Sábado, 23.
Tendo ido ao barbeiro, gozei intimamente
por não ter aberto a boca para entreter o técnico com respostas moles e inúteis.
O salão, inundado de “treinadores de bancada”, fez o serviço por mim.
Estou-lhes grato e comungo inteiramente com tudo o que disseram e até dos
palavrões que dirigiram a jogadores e directores desportivos. A “ciência”
desportiva é um mundo inesgotável de verborreia e descargas psicológicas
aterradoras.
- Outro dia o Corregedor que não dorme na forma, deixou-me o último
número da velha revista da resistência ao fascismo, Seara Nova, hoje propriedade da Intervenção Democrática que ele
dirige. A capa reproduz um bom trabalho do Carlos Rocha Pinto que eu julgava
acabado para a pintura, mas que o João quer discretamente incentivá-lo oferecendo-lhe
aquela oportunidade. Aqui está um gesto nobre que tem tudo a ver com a geração
que saiu dos tempos difíceis da última Grande Guerra.
- Outro dia, aquele “artista” que nos saiu ao caminho, tratava o
Corregedor por comendador e ele farto de descer de categoria: ”Ó homem não me
trate por comendador eu sou Corregedor!” De facto, com efeito! Eu também
preferia ser corregedor a comendador. Cavaco Silva fazia de qualquer amigalhaço
um comendador e fez muitos, agora corregedor...
- A propósito, eu não nego que tenho uma
estima estético-saudosa por aqueles velhos comunistas de antanho. No caso do
João Corregedor da Fonseca, somos velhos amigos de há várias décadas, mas hoje
junto à nossa amizade uns pozinhos de ternura. Porque ele está intacto de
tradições, filosofia de vida, crença nos ideais revolucionários, nas paixões
sociais e sindicais, nas raivas, nos pequenos ódios que não beliscam, nos
ímpetos que o exaltam, no vómito das raivas antigas, como se o tempo fosse uma
joia sem preço e, por isso, frágil e sólido capaz de transformar a sociedade
com o brilho que cintila quando o sol lhe bate em cheio. O facto de ter ocupado
altos cargos, não o mudou em nada. Ele vive a cem à hora, na pressa de levar a
carta a Garcia. No caso a mensagem revolucionária que parece sempre nova mesmo
que os seus tópicos sejam velhos de um século e a música jorre de um vetusto Steinway.

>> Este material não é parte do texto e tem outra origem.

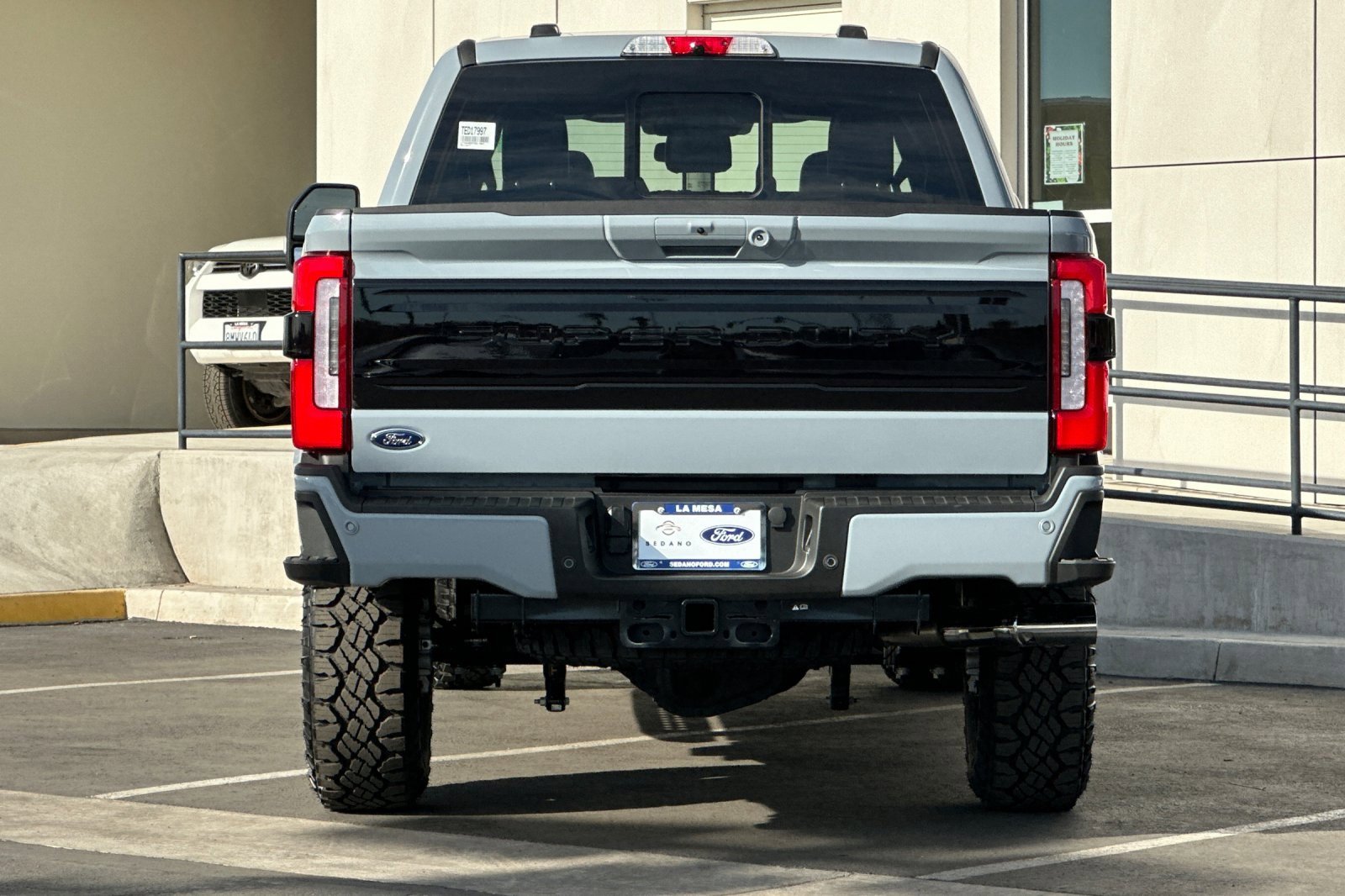 New 2026 Ford F350 Platinum w/ Tremor Off-Road Package image 4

Ali, à mesa do café, quando nos preparávamos para debandar, ele entregou a cada
um de nós uma folha que narra com o mesmo ímpeto de há 40 anos, o “Apelo à
participação” nas Comemorações Populares do 42º Aniversário do 25 de Abril, com
a indicação de “não faltem”. O conteúdo das quatro páginas, é o mesmo que conhecemos
depois da instauração da democracia, mas isso pouco importa posto que a
democracia popular ainda não foi implementada e persiste como alvo a atingir. Defender
Abril é persistir no sonho da sociedade sem classes, na destruição da sociedade
de consumo, na aplicação da doutrina marxista-leninista que toma por enquanto o
bastião da defesa da Constituição.
- A indústria automóvel que sempre se esteve nas tintas para o Planeta e
não aprendeu nada com os crimes da Volkswagen, está de novo na ribalta. Desta
vez, uma série de marcas aldrabou o fabrico de vários modelos, induzindo os
condutores de determinado consumo quando na realidade gastam muito mais. Não se
pode confiar em alguém, privado ou público, individual ou colectivo, cuja
principal obsessão na vida é ganhar dinheiro.